Working data →
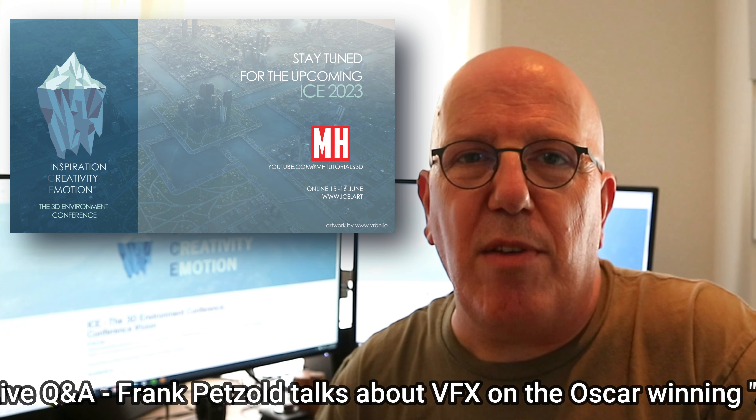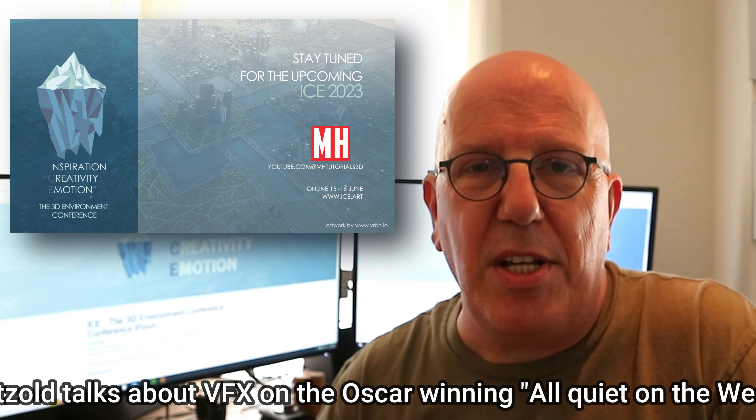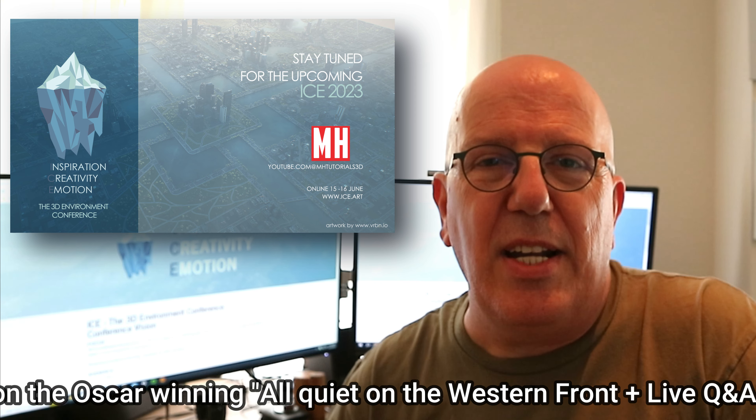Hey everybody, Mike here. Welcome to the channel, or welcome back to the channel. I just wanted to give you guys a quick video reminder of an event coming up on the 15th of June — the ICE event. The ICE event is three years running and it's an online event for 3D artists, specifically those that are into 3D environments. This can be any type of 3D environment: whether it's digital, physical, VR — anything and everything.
---
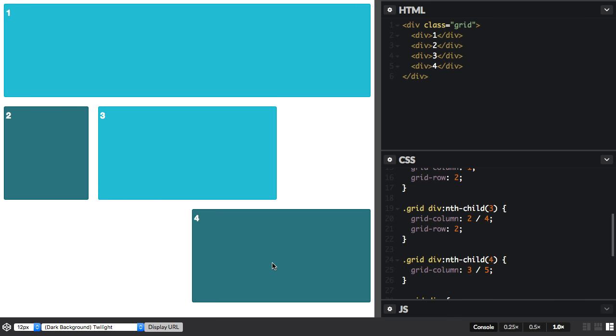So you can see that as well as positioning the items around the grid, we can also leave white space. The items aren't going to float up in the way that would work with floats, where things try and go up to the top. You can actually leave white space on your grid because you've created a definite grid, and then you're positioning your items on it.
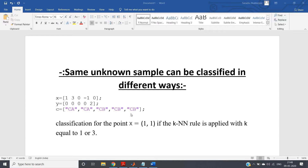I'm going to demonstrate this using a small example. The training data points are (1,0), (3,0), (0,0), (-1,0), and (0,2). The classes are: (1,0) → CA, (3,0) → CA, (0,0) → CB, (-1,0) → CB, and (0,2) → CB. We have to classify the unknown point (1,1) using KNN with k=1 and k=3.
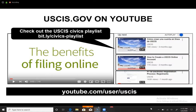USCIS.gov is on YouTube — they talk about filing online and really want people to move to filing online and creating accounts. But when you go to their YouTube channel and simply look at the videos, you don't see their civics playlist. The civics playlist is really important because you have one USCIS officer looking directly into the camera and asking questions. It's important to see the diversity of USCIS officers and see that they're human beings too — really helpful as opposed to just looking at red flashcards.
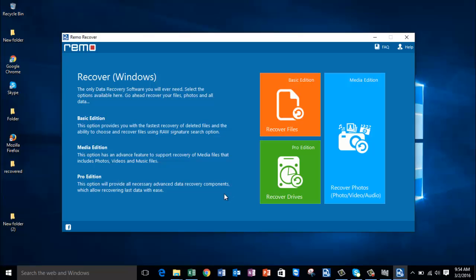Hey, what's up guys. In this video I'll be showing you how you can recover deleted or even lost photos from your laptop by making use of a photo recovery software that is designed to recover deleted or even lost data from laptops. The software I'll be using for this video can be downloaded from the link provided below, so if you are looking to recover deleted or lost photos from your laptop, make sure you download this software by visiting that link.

What the exercise asks →
Beginning at the line above that contains "I'm going to", repeat each line exactly through the one that contains "Hey, what's up", and leave out the pictures.

Exercise result →
I'm going to demonstrate this using a small example. The training data points are (1,0), (3,0), (0,0), (-1,0), and (0,2). The classes are: (1,0) → CA, (3,0) → CA, (0,0) → CB, (-1,0) → CB, and (0,2) → CB. We have to classify the unknown point (1,1) using KNN with k=1 and k=3.
USCIS.gov is on YouTube — they talk about filing online and really want people to move to filing online and creating accounts. But when you go to their YouTube channel and simply look at the videos, you don't see their civics playlist. The civics playlist is really important because you have one USCIS officer looking directly into the camera and asking questions. It's important to see the diversity of USCIS officers and see that they're human beings too — really helpful as opposed to just looking at red flashcards.
Hey, what's up guys. In this video I'll be showing you how you can recover deleted or even lost photos from your laptop by making use of a photo recovery software that is designed to recover deleted or even lost data from laptops. The software I'll be using for this video can be downloaded from the link provided below, so if you are looking to recover deleted or lost photos from your laptop, make sure you download this software by visiting that link.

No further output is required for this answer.